The second observation for the load-testing environment was that, due to the configuration on the load balancing, the load was distributed geographically although the load-testing team were only based in the UK. This meant that their load tests were not touching the second load-balanced environment. This was verified by checking the virtual machine utilisation. This permitted an entire AKS instance to be decommissioned. This further reduced the total costs by another £600 p/m.

The final change to the load-testing environment, was a change to the Kubernetes helm configuration. Due to the application being configured the same as in production, each of the micro-services comprising the application had varying numbers of themselves running.  This had never been reviewed and there was no evidence to demonstrate the ratio of each micro-service required. To get a better grasp of the load at both the application and micro-service level it was suggested that each micro-service be limited to one instance. This also had the added benefit of giving a clearer indication of capacity as previously different instances of services had been failing at different points in the test. Having one, and only one, of each service permitted a better understanding of how much load each could support, while highlighting services that were weak links. By reducing the number of each micro-service running, this enabled the entire environment to be scaled back to just two backing VMs. Adding a further cost saving of £300 p/m.

Load-testing environment changes

  1. Scaling down the environment to match production.
  2. Turning off the second geographic region.
  3. Further reducing performance to provide a simpler testbed.

Saving: £1500 p/m

Development and Test Environments

Using our third strategy from the load-testing environment. We can reduce the number of each service running in our environments to one. This actually further improved the speed of testing as issues were easier to narrow down and isolate. The other advantage? Cost reduction. There's another saving of £600 p/m to be gained by scaling both the development and test environments.

While it's important to test systems work in their final working state, testing in simpler environments will allow the majority of issues to be resolved with much less effort.
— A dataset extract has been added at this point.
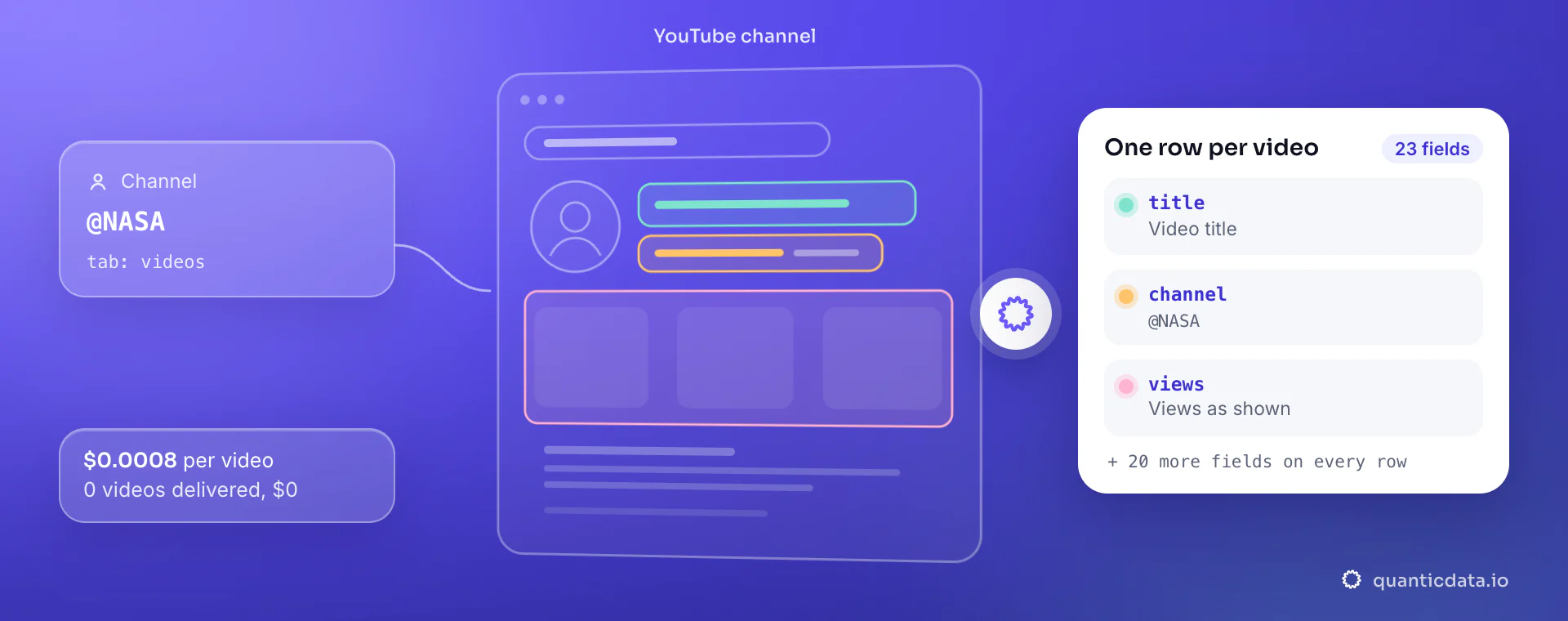 YouTube channel scraper API: from channel and tab, QuanticData reads the YouTube channel and returns one row per video with title, channel and views, at $0.0008 per delivered video.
In this instance the staging environment allows the testing of micro-services at production scales ensuring there are no conflicts or issues running multiple instances of services in parallel.

Saving: £600 p/m

Results

The main result the customer was looking for is the reduction in cost.  After our first pass, detailed above, monthly spend was reduced by £2,100. Overall, a saving of £25,200 a year.

In addition, we've made changes giving the software team the following improvements:

  • Finding faults is easier when you are only looking at one instance of a service.
  • Finding the performance threshold is easier when the environment is scaled down.

While this architecture may seem expensive, it's worth noting that more advanced architectures have a higher entry cost. But will potentially scale better in the long run. It is up to you to decide how you plan to launch your product but if you would like any advice, please feel free to reach out. There are a lot of differing factors, from budgets to timescales, that will govern a successful strategy.

Further Steps

Additional recommendations that were provided for this specific application focused on reserving hardware for a set period. If the hardware is definitely going to be used for an extended period, this enables discounts to be had by prepaying. This does remove any flexibility the cloud may have offered. In this instance, pre-buying for 1-year would save an additional £1300 per month, or over 3 years £2000 per month. This would come in as an annual saving of either £15,000 or £24,000 a year respectively. Giving a total recommended saving of over £50,000 a year or a cost reduction of 62.5%.